Tristeza, enfado, llanto, sorpresa, impotencia o incomprensión son reacciones normales en un niño cuando no consigue lo que quiere o no obtiene un resultado acorde a sus deseos. Para combatirlas, proliferan las teorías psicológicas que tratan de desentrañar los mecanismos de la frustración infantil y las formas que tienen de enfrentarlas sus padres. ¿Por qué es tan importante desarrollar la tolerancia a la frustración en los futuros adultos? Porque en su vida, justifican los educadores, van a encontrarse con un sinfín de expectativas malogradas, y cuanto antes aprendan a gestionarlas, mucho mejor.

El papel de los padres

La permisividad y la sobreprotección de los padres son dos de los grandes males contra los que advierten los especialistas. Especialmente peligrosos son los llamados «padres helicóptero», que, en cuanto asoma la más leve dificultad en el horizonte de su progenie, acuden a su rescate para suavizar el impacto o, si es posible, borrarlo de la faz de la Tierra, como si ese contratiempo nunca hubiera sucedido. La consecuencia probable de este comportamiento son niños caprichosos, impacientes, inflexibles, impulsivos y con escaso control de sus emociones.

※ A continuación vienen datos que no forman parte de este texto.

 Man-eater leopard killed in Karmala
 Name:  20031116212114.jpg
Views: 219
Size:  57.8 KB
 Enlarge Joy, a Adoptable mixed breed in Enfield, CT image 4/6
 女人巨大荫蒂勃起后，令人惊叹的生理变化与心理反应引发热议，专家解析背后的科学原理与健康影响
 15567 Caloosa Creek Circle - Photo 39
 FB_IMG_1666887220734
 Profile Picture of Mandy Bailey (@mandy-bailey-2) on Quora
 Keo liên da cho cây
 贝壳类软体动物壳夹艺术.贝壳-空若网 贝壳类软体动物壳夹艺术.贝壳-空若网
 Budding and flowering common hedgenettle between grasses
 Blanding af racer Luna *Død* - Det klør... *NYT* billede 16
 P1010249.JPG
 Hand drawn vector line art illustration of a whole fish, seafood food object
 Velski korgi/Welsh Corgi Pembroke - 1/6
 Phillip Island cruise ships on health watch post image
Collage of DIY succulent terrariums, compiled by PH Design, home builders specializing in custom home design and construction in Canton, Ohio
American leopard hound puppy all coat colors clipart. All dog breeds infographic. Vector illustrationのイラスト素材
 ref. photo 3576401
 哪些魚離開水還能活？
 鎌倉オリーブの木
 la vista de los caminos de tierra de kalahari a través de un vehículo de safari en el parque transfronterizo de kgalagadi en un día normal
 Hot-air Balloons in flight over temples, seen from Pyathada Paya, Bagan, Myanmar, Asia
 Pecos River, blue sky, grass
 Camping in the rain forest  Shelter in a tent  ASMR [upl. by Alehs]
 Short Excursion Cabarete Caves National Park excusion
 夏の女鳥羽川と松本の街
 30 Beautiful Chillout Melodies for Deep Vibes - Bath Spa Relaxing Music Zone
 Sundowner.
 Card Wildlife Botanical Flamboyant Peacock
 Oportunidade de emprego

En el otro extremo de esta balanza están los padres que encarna la teoría de la «negligencia benigna». Esta recomienda seguir una política de abandono «controlado» del niño a su suerte en determinados asuntos. Si hay un problema, los padres se desentienden como una forma de proporcionar al pequeño una vacuna emocional que le ayude a madurar y a prepararse ya desde edad temprana frente al posible valle de lágrimas que le espera en su vida adulta.

Los educadores afirman que los niños se encontrarán con expectativas malogradas y que cuanto antes aprendan a gestionarlas, mejor

Freud ya decía que a los niños había que frustrarlos. Incluso hay un método, seguido masivamente en el mundo (el método Estivill), que anima los padres a dejar a sus bebés llorar en sus cunas hasta que aprendan a dormirse solos. Estos sistemas espartanos de crianza pueden producir futuros adultos que, en efecto, maduran con rapidez, pero con el riesgo de germinar problemas afectivos o hasta rasgos psicopáticos en el futuro.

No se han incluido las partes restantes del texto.